Required work - Scan the records below for the line with "Great Marsh Estate Engagement" and the line with "Certified 2022 Mercedes-Benz". Repeat those two lines and every line between them exactly, and nothing else.
-------- Material for the task --------
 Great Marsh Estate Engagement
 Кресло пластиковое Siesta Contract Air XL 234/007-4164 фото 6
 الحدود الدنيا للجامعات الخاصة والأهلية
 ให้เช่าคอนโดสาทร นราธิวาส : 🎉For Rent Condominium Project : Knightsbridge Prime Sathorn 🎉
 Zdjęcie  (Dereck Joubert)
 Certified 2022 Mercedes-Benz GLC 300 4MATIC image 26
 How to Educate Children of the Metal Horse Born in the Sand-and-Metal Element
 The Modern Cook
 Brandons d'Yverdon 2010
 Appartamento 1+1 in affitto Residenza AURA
--------
-------- Material for the task --------
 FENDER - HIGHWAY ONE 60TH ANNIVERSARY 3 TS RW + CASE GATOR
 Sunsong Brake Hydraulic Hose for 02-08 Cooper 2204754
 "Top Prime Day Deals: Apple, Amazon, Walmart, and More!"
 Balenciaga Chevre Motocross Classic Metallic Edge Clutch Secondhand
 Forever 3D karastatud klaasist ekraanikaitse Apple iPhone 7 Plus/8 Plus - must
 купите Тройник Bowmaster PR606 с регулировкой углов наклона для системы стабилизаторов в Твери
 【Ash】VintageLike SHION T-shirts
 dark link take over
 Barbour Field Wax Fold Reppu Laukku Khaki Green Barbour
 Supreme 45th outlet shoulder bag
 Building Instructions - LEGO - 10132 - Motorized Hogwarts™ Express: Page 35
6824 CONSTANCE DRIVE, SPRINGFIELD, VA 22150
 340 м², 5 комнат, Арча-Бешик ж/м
--------
-------- Material for the task --------
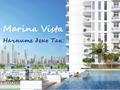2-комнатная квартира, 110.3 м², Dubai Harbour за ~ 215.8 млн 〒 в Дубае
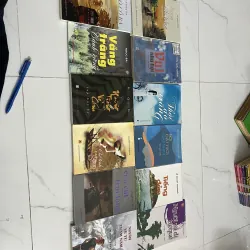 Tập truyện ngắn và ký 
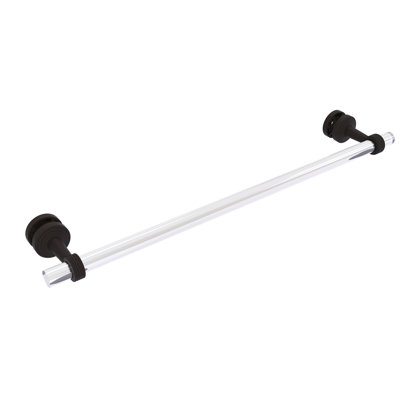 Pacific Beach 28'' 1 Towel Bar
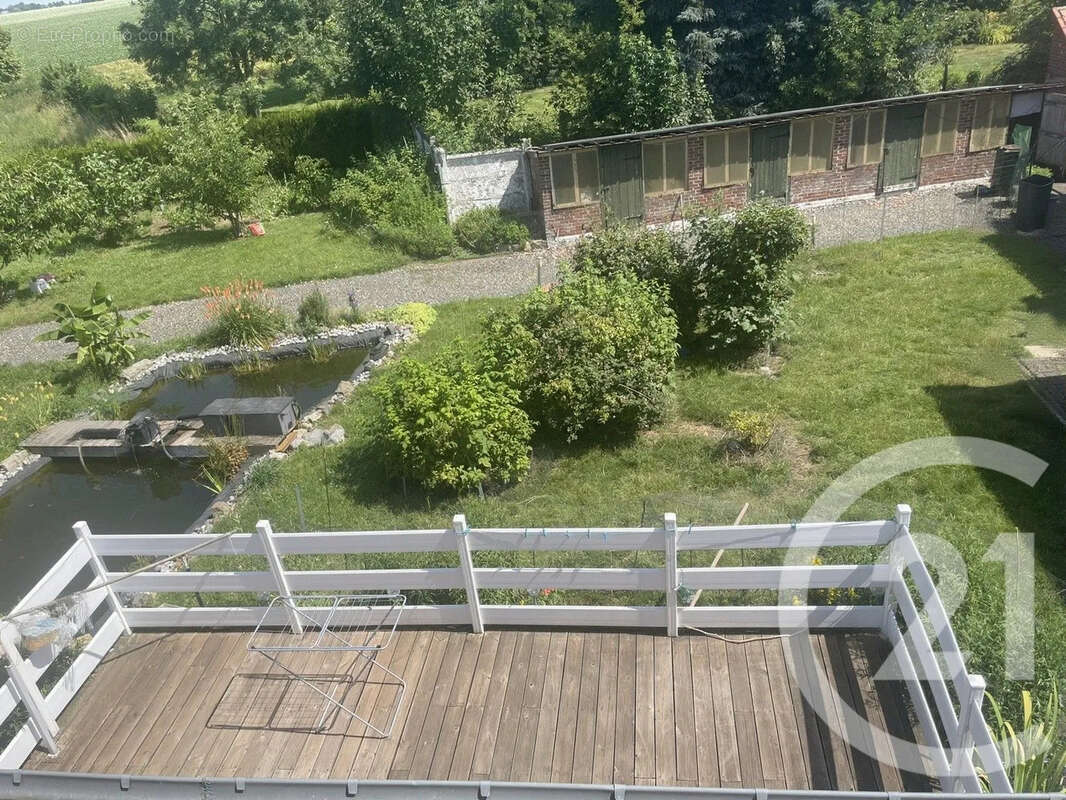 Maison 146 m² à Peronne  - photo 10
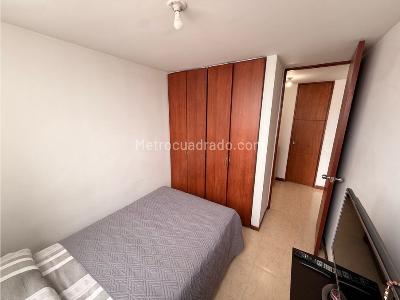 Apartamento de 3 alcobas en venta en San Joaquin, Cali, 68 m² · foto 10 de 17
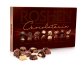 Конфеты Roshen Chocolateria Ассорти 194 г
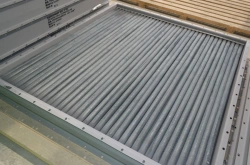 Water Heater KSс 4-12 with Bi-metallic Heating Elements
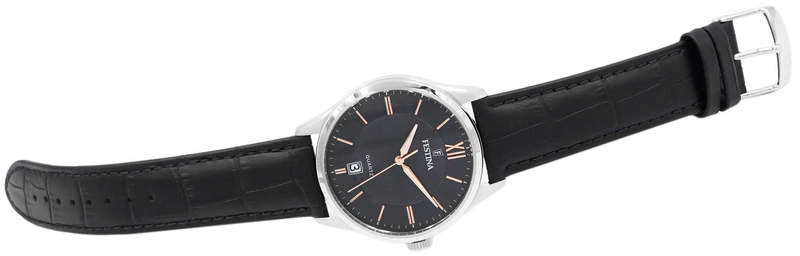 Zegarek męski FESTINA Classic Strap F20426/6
--------
Task answer -
 Great Marsh Estate Engagement
 Кресло пластиковое Siesta Contract Air XL 234/007-4164 фото 6
 الحدود الدنيا للجامعات الخاصة والأهلية
 ให้เช่าคอนโดสาทร นราธิวาส : 🎉For Rent Condominium Project : Knightsbridge Prime Sathorn 🎉
 Zdjęcie  (Dereck Joubert)
 Certified 2022 Mercedes-Benz GLC 300 4MATIC image 26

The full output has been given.